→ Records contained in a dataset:

====================

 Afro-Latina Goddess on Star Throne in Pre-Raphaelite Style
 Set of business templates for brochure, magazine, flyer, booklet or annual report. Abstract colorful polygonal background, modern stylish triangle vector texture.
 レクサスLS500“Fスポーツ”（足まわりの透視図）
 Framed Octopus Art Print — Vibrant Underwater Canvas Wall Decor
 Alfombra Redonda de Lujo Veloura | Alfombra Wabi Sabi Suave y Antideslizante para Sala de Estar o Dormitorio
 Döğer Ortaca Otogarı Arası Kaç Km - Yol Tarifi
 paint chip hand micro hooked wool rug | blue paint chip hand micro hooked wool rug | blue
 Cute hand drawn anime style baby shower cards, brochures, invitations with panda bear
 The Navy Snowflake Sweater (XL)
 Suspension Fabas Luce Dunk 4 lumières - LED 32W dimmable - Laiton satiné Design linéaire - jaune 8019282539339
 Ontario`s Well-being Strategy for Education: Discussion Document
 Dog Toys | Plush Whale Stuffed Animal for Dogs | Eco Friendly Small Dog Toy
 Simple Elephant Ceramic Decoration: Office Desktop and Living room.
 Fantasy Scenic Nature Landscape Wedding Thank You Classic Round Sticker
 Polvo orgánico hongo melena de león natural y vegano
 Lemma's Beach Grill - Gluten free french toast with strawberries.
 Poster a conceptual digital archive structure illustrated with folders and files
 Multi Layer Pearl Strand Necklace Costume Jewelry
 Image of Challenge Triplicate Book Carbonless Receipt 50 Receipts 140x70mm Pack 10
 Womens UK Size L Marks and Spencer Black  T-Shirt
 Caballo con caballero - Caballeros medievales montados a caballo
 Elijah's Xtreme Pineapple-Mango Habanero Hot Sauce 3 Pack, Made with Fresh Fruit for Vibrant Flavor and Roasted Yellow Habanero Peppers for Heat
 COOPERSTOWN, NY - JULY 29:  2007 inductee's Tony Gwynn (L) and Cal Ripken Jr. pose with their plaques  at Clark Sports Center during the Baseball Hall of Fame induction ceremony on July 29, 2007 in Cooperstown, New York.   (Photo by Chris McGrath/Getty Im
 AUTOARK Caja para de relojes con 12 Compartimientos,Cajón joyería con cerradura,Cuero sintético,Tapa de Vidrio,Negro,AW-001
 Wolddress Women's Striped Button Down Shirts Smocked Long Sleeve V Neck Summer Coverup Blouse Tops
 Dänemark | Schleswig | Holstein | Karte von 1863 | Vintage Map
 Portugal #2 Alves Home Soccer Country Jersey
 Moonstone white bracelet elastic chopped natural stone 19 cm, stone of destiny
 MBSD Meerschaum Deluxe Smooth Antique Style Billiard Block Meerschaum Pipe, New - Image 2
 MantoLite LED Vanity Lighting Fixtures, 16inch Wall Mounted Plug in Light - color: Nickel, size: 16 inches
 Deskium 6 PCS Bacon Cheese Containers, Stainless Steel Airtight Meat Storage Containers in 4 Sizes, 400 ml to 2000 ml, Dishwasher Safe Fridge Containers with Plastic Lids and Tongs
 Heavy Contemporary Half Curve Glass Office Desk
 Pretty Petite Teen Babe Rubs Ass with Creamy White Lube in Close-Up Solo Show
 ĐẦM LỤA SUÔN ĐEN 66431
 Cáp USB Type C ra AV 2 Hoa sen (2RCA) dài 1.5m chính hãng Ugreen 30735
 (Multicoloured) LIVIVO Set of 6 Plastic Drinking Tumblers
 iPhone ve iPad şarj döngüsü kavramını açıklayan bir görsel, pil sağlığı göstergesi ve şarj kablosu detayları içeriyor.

====================

→ EXERCISE PROMPT: Please give back, exactly as it stands above, the stretch from the line with "Multi Layer Pearl" through the line with "Elijah's Xtreme Pineapple-Mango", and no line outside it.

→ SOLUTION FOR THIS TASK:
 Multi Layer Pearl Strand Necklace Costume Jewelry
 Image of Challenge Triplicate Book Carbonless Receipt 50 Receipts 140x70mm Pack 10
 Womens UK Size L Marks and Spencer Black  T-Shirt
 Caballo con caballero - Caballeros medievales montados a caballo
 Elijah's Xtreme Pineapple-Mango Habanero Hot Sauce 3 Pack, Made with Fresh Fruit for Vibrant Flavor and Roasted Yellow Habanero Peppers for Heat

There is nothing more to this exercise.